### [Try it]
From the entries below, retype only the lines from the one with "Buy Online Homefab" through the one with "UNICE 13x4 Lace", exactly as written.

### [Dataset extract]
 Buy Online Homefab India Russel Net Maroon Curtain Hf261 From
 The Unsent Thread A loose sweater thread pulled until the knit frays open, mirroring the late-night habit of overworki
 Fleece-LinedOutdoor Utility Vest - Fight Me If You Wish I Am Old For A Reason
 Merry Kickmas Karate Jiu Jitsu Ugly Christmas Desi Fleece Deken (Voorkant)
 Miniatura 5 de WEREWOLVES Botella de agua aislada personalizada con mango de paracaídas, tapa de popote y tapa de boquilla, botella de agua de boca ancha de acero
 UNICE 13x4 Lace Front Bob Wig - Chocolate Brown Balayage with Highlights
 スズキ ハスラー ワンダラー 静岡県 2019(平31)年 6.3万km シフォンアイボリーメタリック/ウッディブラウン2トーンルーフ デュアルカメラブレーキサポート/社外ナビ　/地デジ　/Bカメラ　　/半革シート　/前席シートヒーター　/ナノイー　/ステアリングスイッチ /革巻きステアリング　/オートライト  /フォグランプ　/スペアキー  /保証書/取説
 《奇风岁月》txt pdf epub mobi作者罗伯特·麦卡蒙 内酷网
...
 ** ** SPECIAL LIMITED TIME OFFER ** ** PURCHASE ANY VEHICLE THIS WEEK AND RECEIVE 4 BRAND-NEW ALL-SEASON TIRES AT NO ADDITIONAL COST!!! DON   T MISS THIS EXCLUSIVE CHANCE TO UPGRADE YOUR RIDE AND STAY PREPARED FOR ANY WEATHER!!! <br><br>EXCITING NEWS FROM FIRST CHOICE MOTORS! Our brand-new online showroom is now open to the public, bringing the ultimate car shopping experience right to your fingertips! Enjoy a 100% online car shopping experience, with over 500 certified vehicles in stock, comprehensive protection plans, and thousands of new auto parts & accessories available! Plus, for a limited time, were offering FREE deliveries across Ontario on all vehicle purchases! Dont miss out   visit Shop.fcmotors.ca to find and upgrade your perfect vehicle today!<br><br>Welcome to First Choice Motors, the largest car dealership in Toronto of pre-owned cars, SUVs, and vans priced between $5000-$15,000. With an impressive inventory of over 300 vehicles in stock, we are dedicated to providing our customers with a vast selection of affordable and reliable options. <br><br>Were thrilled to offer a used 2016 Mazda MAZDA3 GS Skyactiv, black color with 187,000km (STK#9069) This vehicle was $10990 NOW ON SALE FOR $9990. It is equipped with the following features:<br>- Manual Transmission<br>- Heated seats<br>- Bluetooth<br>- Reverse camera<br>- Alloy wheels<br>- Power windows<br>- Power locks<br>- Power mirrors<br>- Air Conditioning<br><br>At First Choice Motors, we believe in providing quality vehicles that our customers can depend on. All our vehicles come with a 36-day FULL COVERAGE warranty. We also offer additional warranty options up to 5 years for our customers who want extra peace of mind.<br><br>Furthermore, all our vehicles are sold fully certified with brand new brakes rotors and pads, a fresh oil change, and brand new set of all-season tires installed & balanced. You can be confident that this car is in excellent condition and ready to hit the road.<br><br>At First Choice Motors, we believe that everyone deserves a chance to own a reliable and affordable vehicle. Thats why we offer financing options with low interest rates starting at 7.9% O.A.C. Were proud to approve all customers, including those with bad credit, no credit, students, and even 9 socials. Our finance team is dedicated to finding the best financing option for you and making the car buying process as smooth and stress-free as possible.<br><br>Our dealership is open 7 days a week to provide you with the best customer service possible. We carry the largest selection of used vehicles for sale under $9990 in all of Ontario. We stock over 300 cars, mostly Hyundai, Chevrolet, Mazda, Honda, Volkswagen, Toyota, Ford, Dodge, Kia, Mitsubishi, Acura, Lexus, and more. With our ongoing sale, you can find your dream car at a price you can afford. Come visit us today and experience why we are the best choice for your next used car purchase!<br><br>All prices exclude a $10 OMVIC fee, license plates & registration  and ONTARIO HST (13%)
--
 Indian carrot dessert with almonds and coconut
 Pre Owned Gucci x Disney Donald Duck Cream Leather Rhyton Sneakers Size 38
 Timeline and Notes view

### [Written answer]
 Buy Online Homefab India Russel Net Maroon Curtain Hf261 From
 The Unsent Thread A loose sweater thread pulled until the knit frays open, mirroring the late-night habit of overworki
 Fleece-LinedOutdoor Utility Vest - Fight Me If You Wish I Am Old For A Reason
 Merry Kickmas Karate Jiu Jitsu Ugly Christmas Desi Fleece Deken (Voorkant)
 Miniatura 5 de WEREWOLVES Botella de agua aislada personalizada con mango de paracaídas, tapa de popote y tapa de boquilla, botella de agua de boca ancha de acero
 UNICE 13x4 Lace Front Bob Wig - Chocolate Brown Balayage with Highlights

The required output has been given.